Opinion
8-27-1976
Graham & James, and Reed M. Williams, Long Beach, for plaintiffs and respondents.
JAPAN LINES, LTD., et al., Plaintiffs and Respondents,
v.
COUNTY OF LOS ANGELES and City of Los Angeles, Defendants and Appellants.
Aug. 27, 1976.
Rehearing Denied Sept. 22, 1976.
For Opinion on Hearing, see 141 Cal.Rptr. 905, 571P.2d254.
Graham & James, and Reed M. Williams, Long Beach, for plaintiffs and respondents.
COBEY, Associate Justice.
The sole question presented by this appeal upon an agreed statement from a tax refund judgment is whether appellants, the County and City of Los Angeles, may impose an apportioned ad valorem tax upon cargo shipping containers, taxed in Japan, used here essentially exclusively in foreign commerce and owned and controlled by Japanese taxpayers. These taxpayers are six shipping lines incorporated under the laws of Japan which have their principal places of business and commercial domiciles there.
FACTS
The facts as stipulated between the parties disclose that the containers at issue are in constant transit save for repair time and time awaiting new cargo. They are only intermittently physically present within the jurisdictions of appellants for an average stay of less than three weeks. They are used exclusively for the transportation of cargo for hire in foreign commerce. They are either full or empty. The full containers are loaded with cargo inbound from or outbound to foreign ports. The empty containers are moved intrastate within California and interstate from California solely to pick up cargo to be carried in foreign commerce or to return the containers themselves to ports (principally Los Angeles) for placement aboard the taxpayers' out-bound vessels.

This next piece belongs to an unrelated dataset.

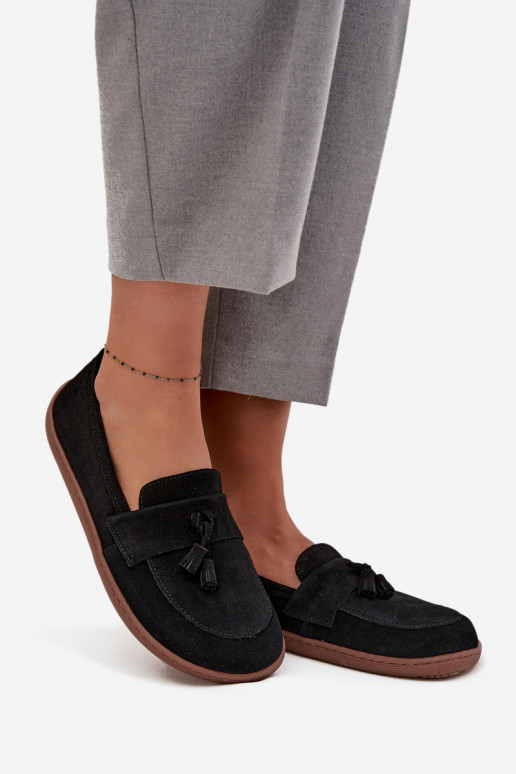 Leer Suède mocassins Typu Barefoot Zazoo 322 zInart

The containers are never used for either intrastate or interstate transportation of cargo except in continuation of international voyages.
The Taxpayers' Contentions
Since the judgment under appeal was rendered, our Supreme Court decided unanimously in the case of Sea-Land Service, Inc. v. County of Alameda, 12 Cal.3d 772, 775-776, 117 Cal.Rptr. 448, 528 P.2d 56, that a California county may tax such containers, under circumstances of use essentially identical to those before us, where the containers were used mainly in foreign commerce 1 but were owned by a shipping company incorporated and commercially domiciled within this country.

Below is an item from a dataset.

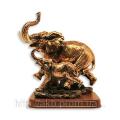 Statuette "Elephants" 23cm - a symbol of good luck and Primagenia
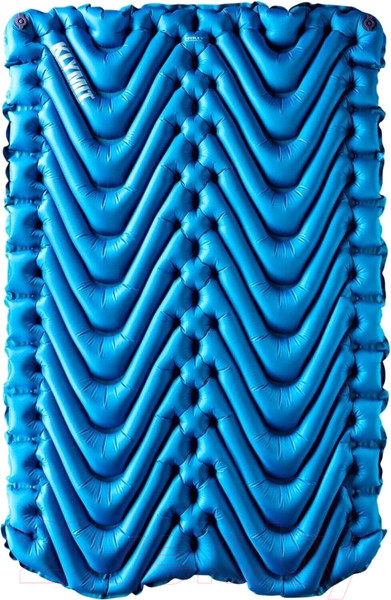 Изображение товара Туристический коврик Klymit Static V pad Double (синий)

The taxpayers contend that the Sea-Land decision is not dispositive of this case because, there, Sea-Land conceded that its containers were subject to local taxation within the United States. Its position was that such taxation must be done exclusively at the home port of its vessels. (Sea-Land, supra, at 781, 786, 117 Cal.Rptr. 448, 528 P.2d 56.) Here, the home ports of the taxpayers' vessels, which are specifically designed to carry the containers at issue, are in Japan. The taxpayers' vessels are likewise registered there rather than in the United States.
The initial position of the taxpayers on this appeal was that under both the home-port doctrine and the most favored nation provisions of the 1953 Treaty between the United States and Japan their containers are not subject to taxation by any jurisdiction except Japan. 2 In this connection, we note that the containers of the taxpayers are subject to property taxation in Japan and have actually been so taxed there. Similar containers, similarly used in Japan but owned and controlled by steamship companies domiciled in the United States, have not been so taxed there.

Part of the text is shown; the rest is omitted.